= Murder of Daniel Wretström =

2000 Swedish murder case

Daniel Juhani Wretström (15 October 1983 – 9 December 2000) was a Swedish nationalist of Finnish descent and white power skinhead murdered by a gang of immigrants in Salem, Sweden.

==Background==
Wretström played drums in the white power rock band "Vit Legion" ("White Legion").

Wretström lived with his mother, Birgitta, and sister, Sara. His middle name Juhani indicates a Finnish ethnic background. According to Birgitta, Wretström had been diagnosed with ADHD. She described him as a "searcher", who attended a Pentecostal church.

== Murder ==
Following a conflict or argument at an apartment party in Salem and while drunk and upset at a nearby bus station close to a local youth center, a fight broke out between Wretström and a group of other teens. It is alleged that a girl in the group accused Daniel of having hit her, but this could never be proven and is mentioned in the investigation as having been made up by the girl who was angry at Daniel because of his skinhead outfit. The group of youths followed him at the bus station. Some male teens in the group began attacking Daniel and the whole gang, which the media described as being "from immigrant backgrounds", began assaulting him. While he was being beaten, a car passed by which Daniel attempted to stop by throwing himself onto the hood, but the gang dragged him off the car's hood and told the driver to go away. They then kicked him down into a ditch, and hit him in the head repeatedly with a board. One assailant then called his older brother, who arrived at the scene armed with a knife and stabbed Daniel multiple times in the neck and throat, killing Daniel by cutting his throat. The knife's broken and bloody blade was later found by the police. Some people passing by had tried to stop the attack to no avail and later returned and found Daniel's body and called the emergency services. According to the woman who called, it took approximately 40 minutes for the police and ambulance to arrive. While the witnesses were waiting they flagged down a security guard's car who followed them to the scene.

== Impact ==
Wretström's murder inspired Swedish neo-Nazis, ultra-nationalists and other far-right activists to organize an annual demonstration known as the Salem March. Those activists consider Wretström to be a martyr to their cause. The neo-Nazi group Blood and Honour has called him "the Horst Wessel of our generation", vowing to exact revenge. Blood and Honour wrote "Here is the Horst Wessel of our generation—the figurehead of a new movement—to whom we each owe a blood debt to unite. This morning Europe weeps for a fallen hero. Mark this day—for he shall be avenged. Though his flash has fallen—his spirit lives on." Their demonstrations drew a response from the Swedish group Antifascistisk Aktion.

The murder became the topic in many heated debates and articles in Swedish media, political papers and in Swedish society at that time, and the motives and cause of the murder is still debated even today.
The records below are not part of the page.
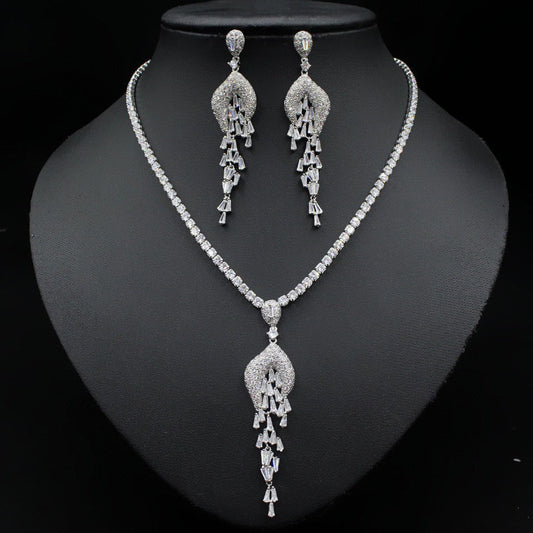 Scentorya Silver Plated Studded With Zirconia Diamond Necklace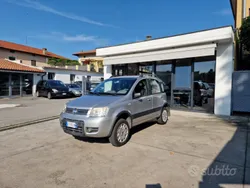 Usata 2006 Fiat Panda 4x4 Climbing Due volumi | 3900 € (Buon prezzo)
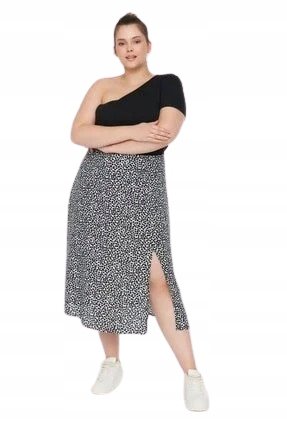 Trendyol TRENDYOL SPÓDNICA MIDI ROZKLOSZOWANA W CZARNO BIAŁE KROPKI PLUS SIZE 42 5BA
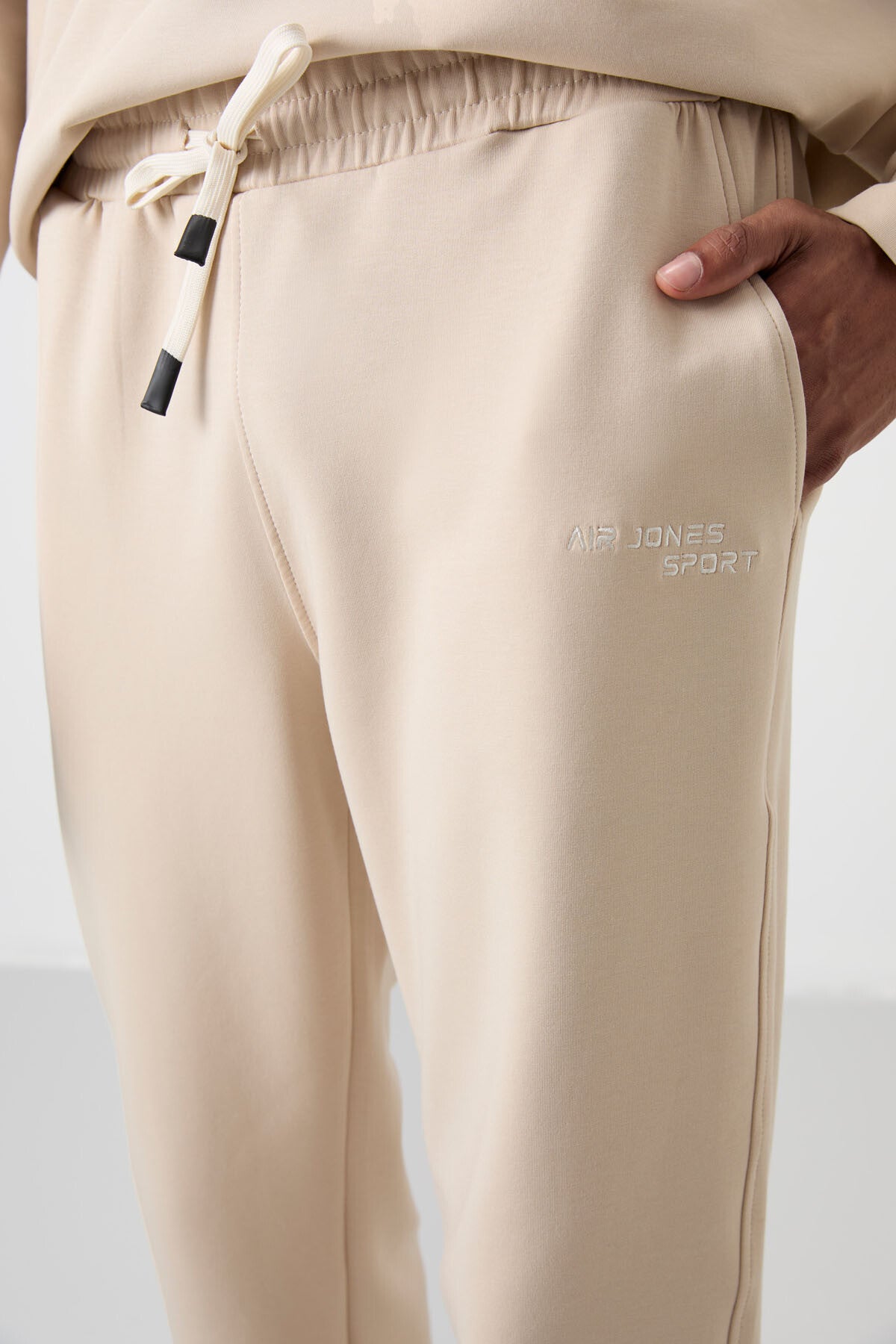 Bej Pamuklu Kalın Yumuşak Dokulu Comfort Fit Nakışlı Erkek Eşofman Takım - 85254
The far-right immediately accused multicultural society and left-wing politics and has often protested at media calling Wretström a Nazi, while many journalists and papers often mentioned the brawl at the party as the motive. The official police investigation leaves it unclear what really caused the fight and murder since there was many accused and many witnesses who gave different versions of the events.

Stieg Larsson, then the editor of Expo, an anti-racist magazine, denied that the Expo organisation had ever defended the murder of Wretström, pointing out that the Turkish-born journalist Kurdo Baksi had been one of the first to condemn the perpetrators.

== Legal proceedings ==
The perpetrators were arrested and prosecuted and because of their young age, most were sentenced to youth facilities or community service. The accused murderer who stabbed Wretström was ruled insane at the time of the murder by the court and sentenced to psychiatric care. He was given a new identity and released after 4 years.